For this workshop, we generate parameter sets using a Latin Hypercube design (see fig. 4.1 for a Latin hypercube example in two dimensions).

Figure 4.1: An example of Latin hypercube with 10 points in two dimensions: there is only one sample point in each row and each column.

Through the function maximinLHS in the package lhs we create a hypercube design with 90 (10 times the number of parameters) parameter sets for the training set and one with 90 parameter sets for the validation set. After creating the two hypercube designs, we bind them together to create initial_LHS:

initial_LHS_training <- maximinLHS(90, 9)
initial_LHS_validation <- maximinLHS(90, 9)
initial_LHS <- rbind(initial_LHS_training, initial_LHS_validation)

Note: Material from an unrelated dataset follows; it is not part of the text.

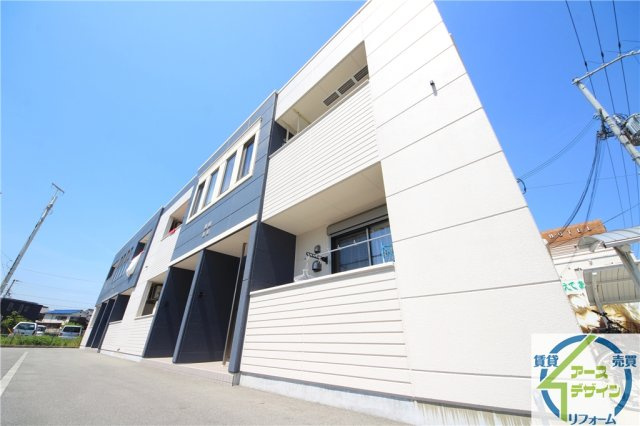 メゾン　アイリスの外観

Note that in initial_LHS each parameter is distributed on \([0,1]\). This is not exactly what we need, since each parameter has a different range. We therefore re-scale each component in initial_LHS multiplying it by the difference between the upper and lower bounds of the range of the corresponding parameter and then we add the lower bound for that parameter. In this way we obtain initial_points, which contains parameter values in the correct ranges.

initial_points <- setNames(data.frame(t(apply(initial_LHS, 1, 
                  function(x) x*unlist(lapply(ranges, function(x) x[2]-x[1])) + 
                  unlist(lapply(ranges, function(x) x[1]))))), names(ranges))

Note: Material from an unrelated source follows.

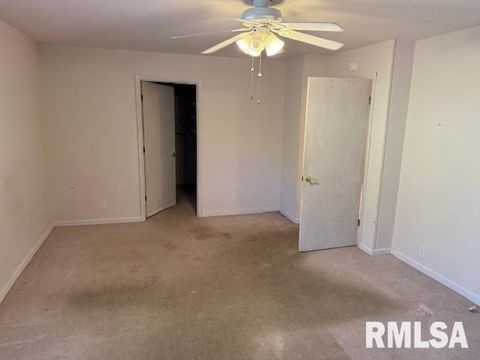Tiny photo for 538 S 17TH Street, Murphysboro, IL 62966 (MLS # EB460229)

We then run the model for the parameter sets in initial_points through the get_results function. This is a helper function that acts as ode_results, but has the additional feature of allowing us to decide which outputs and times should be returned: in our case we need the values of \(I\) and \(R\) at \(t=25, 40, 100, 200, 300, 350\).

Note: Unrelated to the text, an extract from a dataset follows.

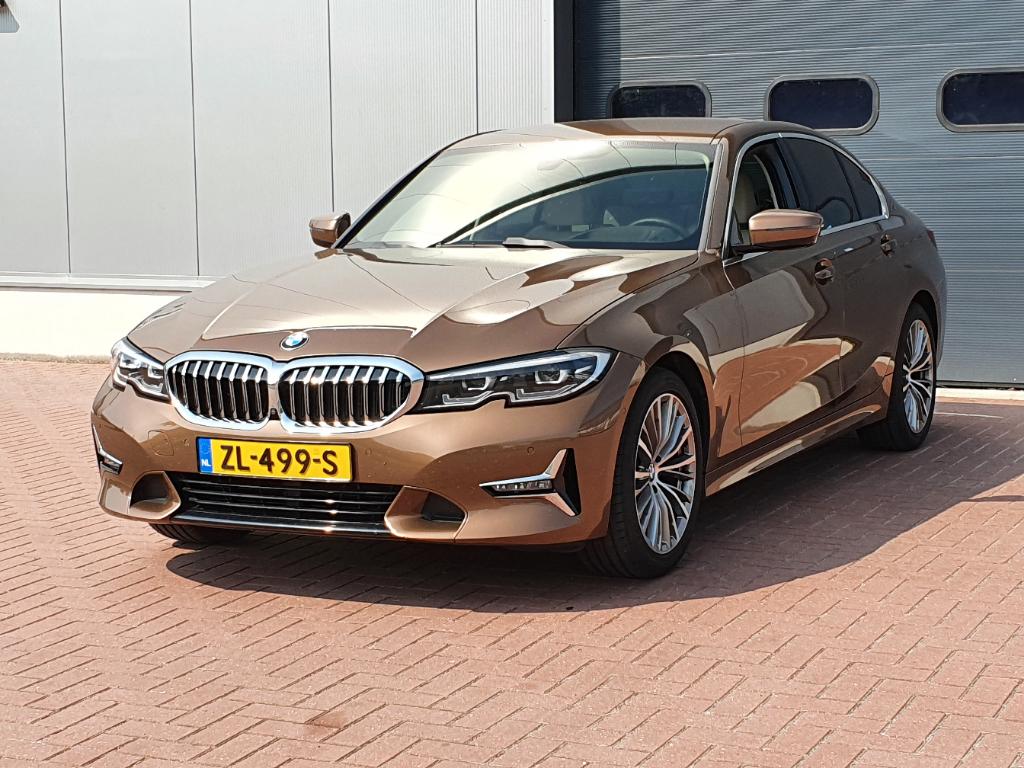 BMW 3-SERIE 320i High Exe. Ed.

initial_results <- setNames(data.frame(t(apply(initial_points, 1, get_results, 
                   c(25, 40, 100, 200, 300, 350), c('I', 'R')))), names(targets))

Finally, we bind the parameter sets initial_points to the model runs initial_results and save everything in the data.frame wave0:

wave0 <- cbind(initial_points, initial_results)

Note that your model can be written in any programming languages and that when using your own model, you can create the ‘wave0’ dataframe however you wish.

References

Andrianakis, Ioannis, Ian R Vernon, Nicky McCreesh, Trevelyan J McKinley, Jeremy E Oakley, Rebecca N Nsubuga, Michael Goldstein, and Richard G White. 2015. “Bayesian History Matching of Complex Infectious Disease Models Using Emulation: A Tutorial and a Case Study on HIV in Uganda.” PLoS Computational Biology 11 (1): e1003968.

Bower, Richard G, Michael Goldstein, and Ian Vernon. 2010. “Galaxy Formation: A Bayesian Uncertainty Analysis.” Bayesian Analysis 5 (4): 619–69.

Vernon, Ian, Junli Liu, Michael Goldstein, James Rowe, Jen Topping, and Keith Lindsey. 2018. “Bayesian Uncertainty Analysis for Complex Systems Biology Models: Emulation, Global Parameter Searches and Evaluation of Gene Functions.” BMC Systems Biology 12 (1): 1–29.